Barts-MS rose-tinted-odometer ★ ★ ★ ★ ★
Yawn! I am getting tired of the saying the same-old things on this blog. Is it time to retire and do something new?
We have done some modelling work and predict that ~20% of new or incident cases of MS could be prevented if we stop the population from smoking. The question is how do we achieve this? Taxation has worked to some extent in that we are seeing a fall in the number of current smokers, but the numbers of teenagers smoking looks as if it is quite resistant to change. The solution must be education, education, education and a war against the tobacco industry.
If social media is such a powerful tool to hack the brains of voters, why don’t public health departments use this technology to promote their agenda? What we need are companies like Cambridge Analytica to do some good in the world and to promote a ‘Don’t Start Smoking’ campaign.
We did try and get some insights into why teenage girls start smoking when Amy Sankey, a work experience student, did a survey in her school for us. Despite the almost universal awareness of the harms of smoking in terms of lung cancer, most girls, however, did not know that there is a link between smoking and autoimmunity. I suspect even if they knew about the link it would be unlikely to prevent them from starting to smoke.
We are interested in smoking as a risk factor for MS as it is telling us something about the cause of the disease. It appears that smoking must be acting via the lungs and is due to tobacco itself. Use of oral, non-smoked, tobacco is in fact associated with a reduced risk of getting MS, hence it is not tobacco exposure. Solvent exposure is also associated with an increased risk of getting MS, which supports the lung hypothesis of developing MS.

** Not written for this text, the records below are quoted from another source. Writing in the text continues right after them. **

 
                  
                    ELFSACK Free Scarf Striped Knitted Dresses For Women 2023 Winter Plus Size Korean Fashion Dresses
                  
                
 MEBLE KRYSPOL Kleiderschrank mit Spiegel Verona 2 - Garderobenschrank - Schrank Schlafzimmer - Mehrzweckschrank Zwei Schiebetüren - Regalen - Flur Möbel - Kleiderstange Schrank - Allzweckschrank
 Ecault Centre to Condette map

Lung hypothesis #1 argues that damage to the lung from smoking or solvents creates a pro-inflammatory environment that is sufficient to activate pre-existing autoreactive T-cells. In comparison, lung hypothesis #2 argues that smoking damages proteins by a process called post-translational modification and that these proteins stimulate an immune response that then cross-reacts with normal antigens to set-up autoimmunity. The argument for the latter in triggering rheumatoid arthritis, an autoimmune disease of joints, is quite compelling but is less compelling when it comes to MS. We hope to study whether post-translational modification of CNS antigens is relevant in MS via an ECTRIMS fellowship we have supported.
What is interesting is that smoking interacts with genetic risk factors for developing MS and with EBV infection suggesting that there is a critical gene-environment interaction that causes MS. Wouldn’t it be interesting to study and find out what these interactions are? We have an exceptionally bright and able young researcher, Ben Jacobs, who wants to do a PhD on this exact topic; gene-environment interactions. At the moment we are ruminating about the best approach he should take to address this question. It is not an easy experiment so if you have suggestions please feel free to contact us.

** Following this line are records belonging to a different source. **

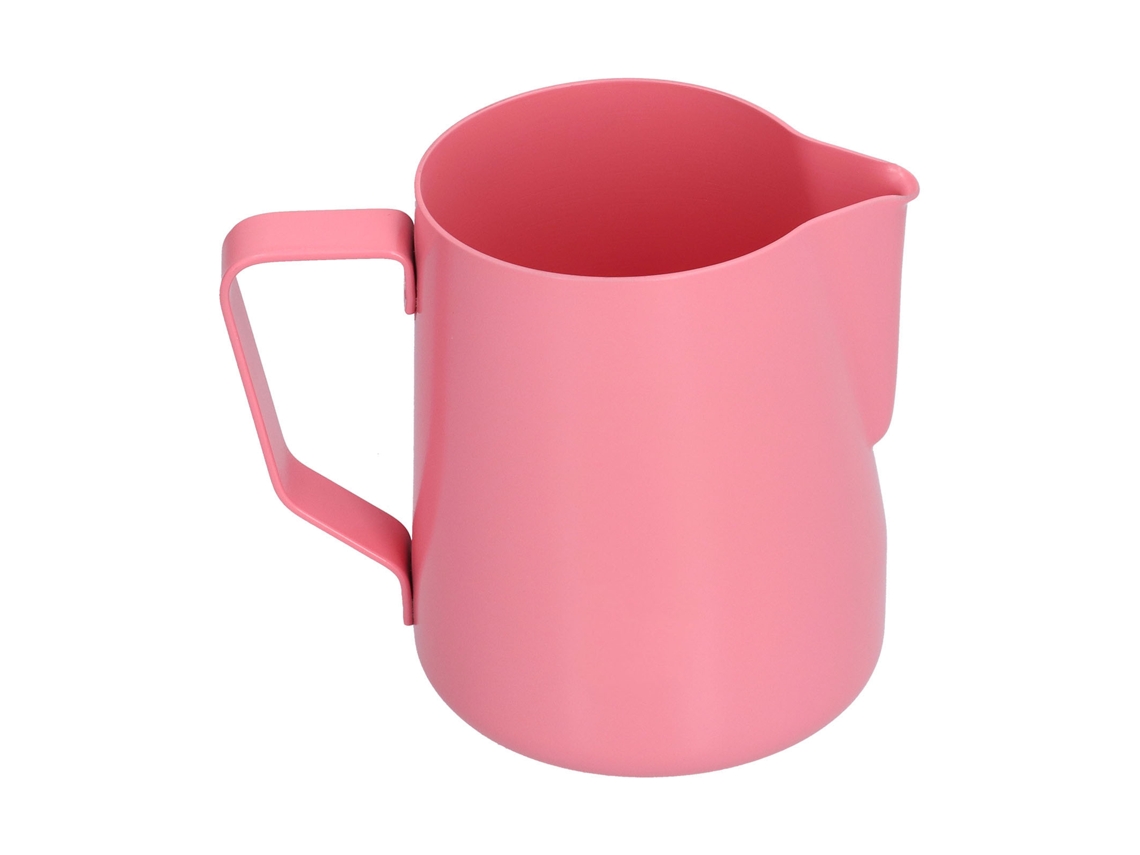 Laxiscreed Jarra De Arte Latte Em Aço Inoxidável, 600ml, Para Cappuccino E Leite Com Bico Rosa Espesso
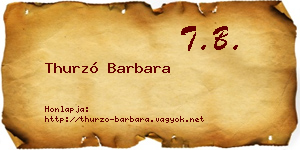 Thurzó Barbara névjegykártya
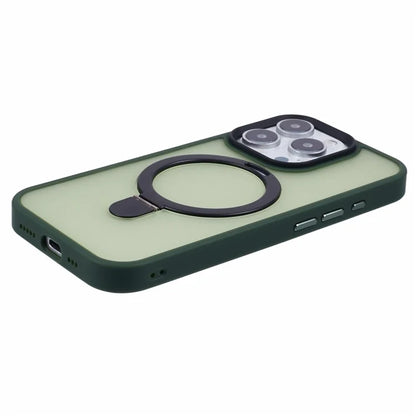 For iPhone 16 Pro Magnetic Case Kickstand TPU+PC  Phone Cover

I would also like to remind you that smokers who have MS have a much poorer prognosis, which is why we recommend that you stop smoking if you can.
If you are interested in smoking and MS there is a new review that has just come out.
Rosso & Chitnis. Association Between Cigarette Smoking and Multiple Sclerosis: A Review. JAMA Neurol. 2019 Dec 16. doi: 10.1001/jamaneurol.2019.4271
IMPORTANCE: Cigarette smoking is a common environmental exposure and addiction, which has severe health consequences. Smoking is a risk factor for multiple sclerosis (MS); also, smoking has been associated with disease activity and overall prognosis for patients with MS.
OBSERVATIONS: Cigarette smoking is an irritative agent on the lungs, in which a proinflammatory cascade starts that culminates in autoimmunity. Inflammation may increase the risk of MS in some individuals, in a process driven by antigen cross-reactivity between lung antigens and myelin antigens. Genetics plays a central role in the individual predisposition to mounting an autoimmune reaction. Also, free radicals, cyanates, and carbon monoxide in cigarette smoke may be directly toxic to neurons. Patients with MS who smoke have higher rates of disease activity, faster rates of brain atrophy, and a greater disability burden. Some of the outcomes of smoking were found to be reversible, which makes counselling key.
CONCLUSIONS AND RELEVANCE: The pathways involved in cigarette smoking should be further analyzed to understand the mechanisms whereby smoking worsens MS prognosis. The proinflammatory and neurotoxic outcomes of cigarette smoking may be shared by other environmental exposures, such as pollution and organic solvents. From a global perspective, efforts should be made to diminish the prevalence of cigarette smoking in patients with MS.